> Task instructions
Copy the lines below exactly, starting at the one with "Simple Designs Home" and ending at the one with "White Lacoste SPORT", and leave out any picture.

> Supplied data
+ + + +
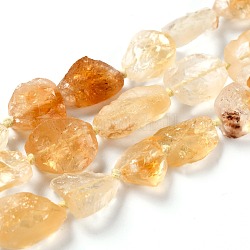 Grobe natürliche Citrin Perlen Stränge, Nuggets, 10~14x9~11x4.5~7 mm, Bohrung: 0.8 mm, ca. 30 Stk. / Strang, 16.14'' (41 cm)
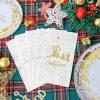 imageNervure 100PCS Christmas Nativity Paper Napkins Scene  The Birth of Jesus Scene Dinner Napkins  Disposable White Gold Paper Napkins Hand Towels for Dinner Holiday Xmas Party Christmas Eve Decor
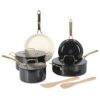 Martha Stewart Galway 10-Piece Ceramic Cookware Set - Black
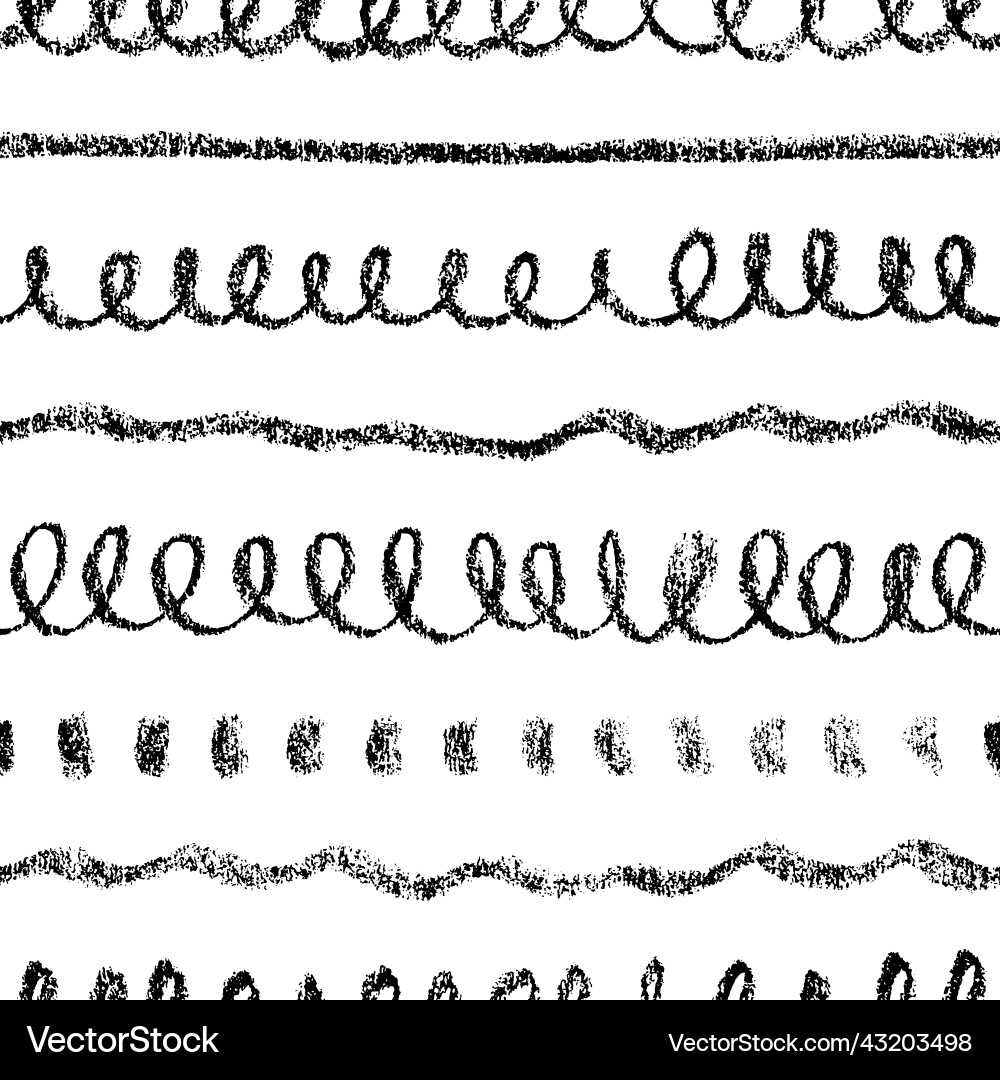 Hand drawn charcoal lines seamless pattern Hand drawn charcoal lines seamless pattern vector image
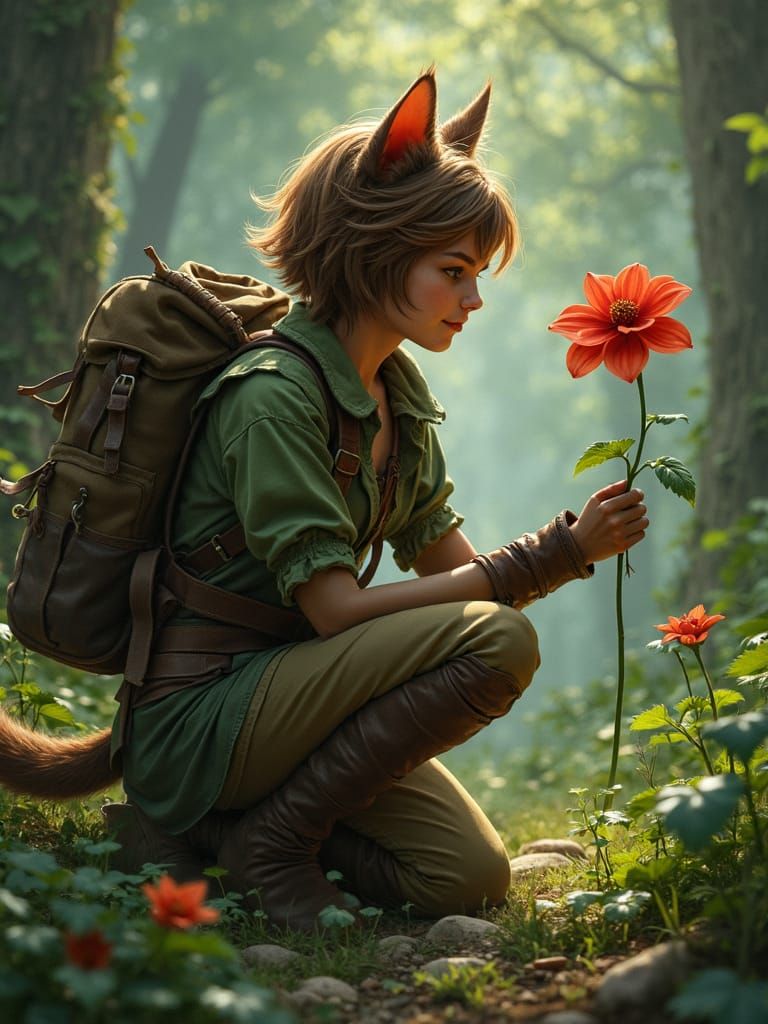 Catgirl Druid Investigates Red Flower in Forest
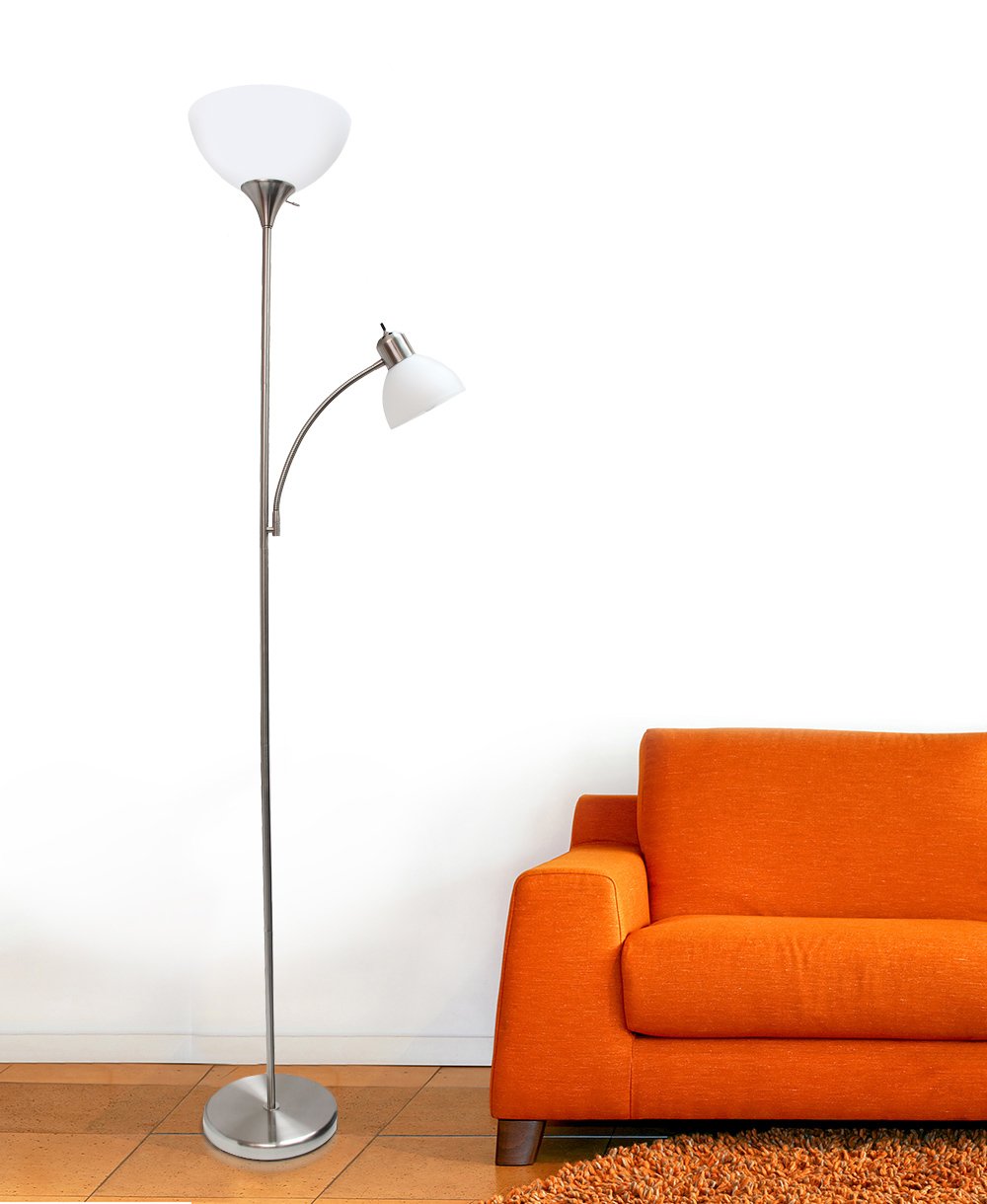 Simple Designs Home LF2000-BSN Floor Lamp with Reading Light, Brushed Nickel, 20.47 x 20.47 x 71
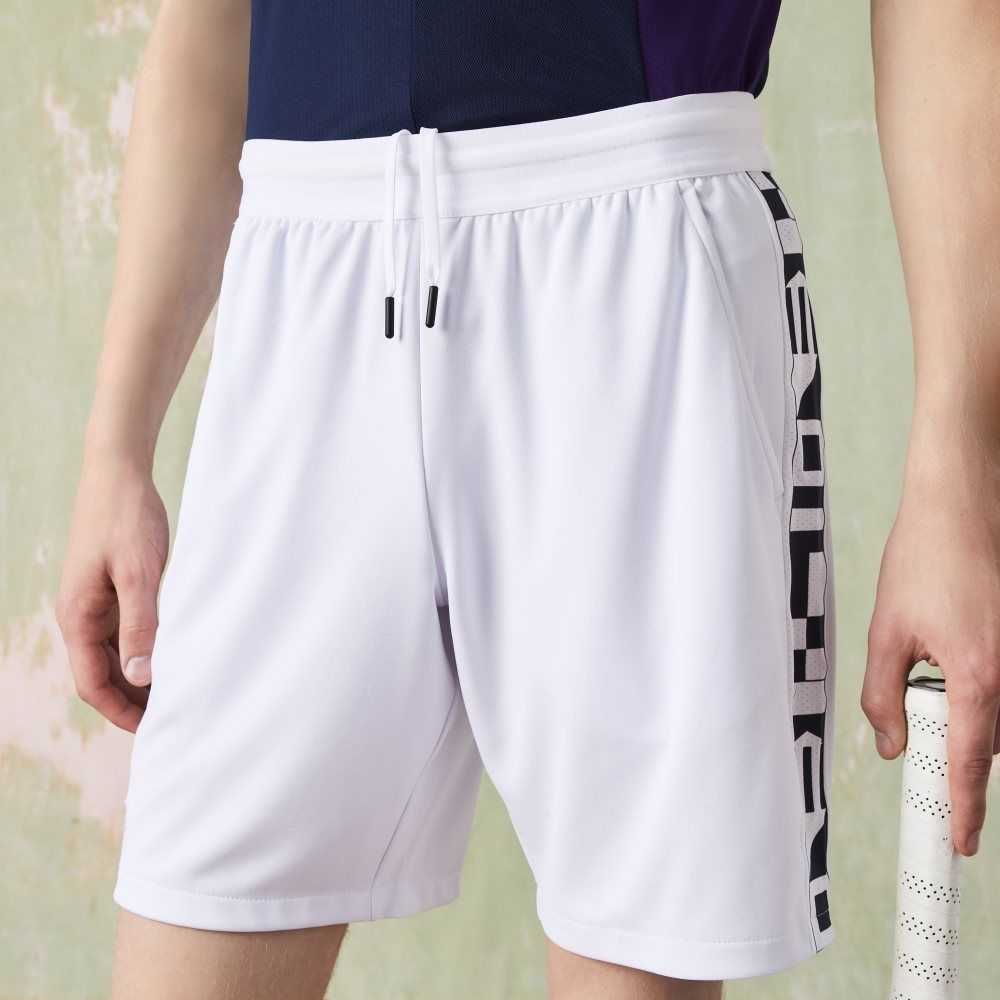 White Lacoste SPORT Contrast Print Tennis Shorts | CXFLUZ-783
+ + + +
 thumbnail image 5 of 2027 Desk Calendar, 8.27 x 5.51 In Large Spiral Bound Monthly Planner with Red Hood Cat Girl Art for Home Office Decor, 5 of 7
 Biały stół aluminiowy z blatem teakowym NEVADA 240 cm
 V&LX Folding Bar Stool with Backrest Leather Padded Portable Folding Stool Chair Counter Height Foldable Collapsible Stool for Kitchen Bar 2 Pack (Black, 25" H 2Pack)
+ + + +
> Task solution
 Simple Designs Home LF2000-BSN Floor Lamp with Reading Light, Brushed Nickel, 20.47 x 20.47 x 71
 White Lacoste SPORT Contrast Print Tennis Shorts | CXFLUZ-783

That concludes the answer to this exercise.